Repeat exactly the lines from the line containing "Samiska språk och samiska studier Hela" to the last line of the listing, including both.

**DATA TO EXAMINE**
-- Opening Marker --

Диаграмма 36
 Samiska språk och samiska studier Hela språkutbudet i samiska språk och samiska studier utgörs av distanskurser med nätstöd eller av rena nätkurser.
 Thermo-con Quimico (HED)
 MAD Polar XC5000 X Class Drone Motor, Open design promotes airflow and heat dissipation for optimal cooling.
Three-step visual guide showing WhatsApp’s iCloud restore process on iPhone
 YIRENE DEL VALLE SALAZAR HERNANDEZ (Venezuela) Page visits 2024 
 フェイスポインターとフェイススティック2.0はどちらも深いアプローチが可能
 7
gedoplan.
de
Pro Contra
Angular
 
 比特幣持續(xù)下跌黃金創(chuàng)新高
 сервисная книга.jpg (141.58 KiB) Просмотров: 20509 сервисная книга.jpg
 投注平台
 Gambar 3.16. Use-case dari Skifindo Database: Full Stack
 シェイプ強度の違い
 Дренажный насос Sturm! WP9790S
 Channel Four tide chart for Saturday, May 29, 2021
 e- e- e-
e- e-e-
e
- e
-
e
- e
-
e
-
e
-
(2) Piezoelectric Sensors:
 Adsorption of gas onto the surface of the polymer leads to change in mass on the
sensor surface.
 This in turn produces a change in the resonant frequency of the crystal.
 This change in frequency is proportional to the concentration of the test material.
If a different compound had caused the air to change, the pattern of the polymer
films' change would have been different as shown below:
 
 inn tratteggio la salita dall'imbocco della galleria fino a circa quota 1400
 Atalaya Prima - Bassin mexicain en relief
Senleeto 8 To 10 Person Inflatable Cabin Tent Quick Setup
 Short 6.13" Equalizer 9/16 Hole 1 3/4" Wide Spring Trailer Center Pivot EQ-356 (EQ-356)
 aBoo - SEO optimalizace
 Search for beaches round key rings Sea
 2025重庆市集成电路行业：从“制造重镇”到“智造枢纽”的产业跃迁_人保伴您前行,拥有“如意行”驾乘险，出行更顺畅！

-- Closing Marker --

**EXPECTED ANSWER**
 Samiska språk och samiska studier Hela språkutbudet i samiska språk och samiska studier utgörs av distanskurser med nätstöd eller av rena nätkurser.
 Thermo-con Quimico (HED)
 MAD Polar XC5000 X Class Drone Motor, Open design promotes airflow and heat dissipation for optimal cooling.
Three-step visual guide showing WhatsApp’s iCloud restore process on iPhone
 YIRENE DEL VALLE SALAZAR HERNANDEZ (Venezuela) Page visits 2024 
 フェイスポインターとフェイススティック2.0はどちらも深いアプローチが可能
 7
gedoplan.
de
Pro Contra
Angular
 
 比特幣持續(xù)下跌黃金創(chuàng)新高
 сервисная книга.jpg (141.58 KiB) Просмотров: 20509 сервисная книга.jpg
 投注平台
 Gambar 3.16. Use-case dari Skifindo Database: Full Stack
 シェイプ強度の違い
 Дренажный насос Sturm! WP9790S
 Channel Four tide chart for Saturday, May 29, 2021
 e- e- e-
e- e-e-
e
- e
-
e
- e
-
e
-
e
-
(2) Piezoelectric Sensors:
 Adsorption of gas onto the surface of the polymer leads to change in mass on the
sensor surface.
 This in turn produces a change in the resonant frequency of the crystal.
 This change in frequency is proportional to the concentration of the test material.
If a different compound had caused the air to change, the pattern of the polymer
films' change would have been different as shown below:
 
 inn tratteggio la salita dall'imbocco della galleria fino a circa quota 1400
 Atalaya Prima - Bassin mexicain en relief
Senleeto 8 To 10 Person Inflatable Cabin Tent Quick Setup
 Short 6.13" Equalizer 9/16 Hole 1 3/4" Wide Spring Trailer Center Pivot EQ-356 (EQ-356)
 aBoo - SEO optimalizace
 Search for beaches round key rings Sea
 2025重庆市集成电路行业：从“制造重镇”到“智造枢纽”的产业跃迁_人保伴您前行,拥有“如意行”驾乘险，出行更顺畅！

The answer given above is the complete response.